# Kingsland, GA, Craigslist, 1.5 y/o sable M



## eggo520 (Oct 28, 2007)

Another Craigslist post...so sad. I guess the couple wasn't thinking ahead to kids before they made a commitment to their dogs.









http://jacksonville.craigslist.org/pet/1249556475.html


"Looking to find a loving home for our 1 1/2 year old black/brown nuetered, male German Shepard. He is truely a young pup at heart and in need of alittle training. He is energetic, and sweet and loves to run in the back yard. My wife is 17 weeks pregnant, and we already have 2 other dogs so we are looking to downsize a bit before the newborn gets here.

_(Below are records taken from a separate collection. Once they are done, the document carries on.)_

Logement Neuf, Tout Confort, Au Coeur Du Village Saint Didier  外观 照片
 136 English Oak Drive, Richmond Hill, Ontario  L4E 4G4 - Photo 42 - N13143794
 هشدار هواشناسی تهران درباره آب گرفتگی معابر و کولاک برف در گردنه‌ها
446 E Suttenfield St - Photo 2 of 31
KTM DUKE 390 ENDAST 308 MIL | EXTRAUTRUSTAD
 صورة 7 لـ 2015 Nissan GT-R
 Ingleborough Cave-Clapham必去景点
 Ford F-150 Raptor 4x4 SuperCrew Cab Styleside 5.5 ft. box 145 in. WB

He is good with other kids and dogs once he gets to know them. We are looking to find him a new home within the next week, 2 weeks at most...so please message if you are interested. Serious Inquires Only. 

Thank you. 

Pick up will be in Kingsland, GA...about 15-30 minutes from Jax. "


----------



## girlll_face (Jun 9, 2009)

He's beautiful. I hope he finds a good home.


----------



## HeidiW (Apr 9, 2009)

That is a beautiful boy! I wonder if they paid big money for him, he looks like the type. Is he free? Hope he finds anice home.


----------



## Lestra08 (Jun 22, 2009)

If she is only 17 weeks pregnant it doesn't make sense that they need him gone in two weeks due to a baby coming. But I guess one excuse is as good as another. I hope he finds a better home and gets the attention he truly deserves and needs. 

Tracy K


----------



## sgtmom52 (Aug 30, 2008)

What a handsome dog!


----------



## GSDTrain (Apr 21, 2008)

gorgeous!!


Puppy Pics:



















Now:


----------



## ShepherdMania (Jun 17, 2008)

> Originally Posted By: Tracy KIf she is only 17 weeks pregnant it doesn't make sense that they need him gone in two weeks due to a baby coming. But I guess one excuse is as good as another. I hope he finds a better home and gets the attention he truly deserves and needs.
> 
> Tracy K


I hate people!


----------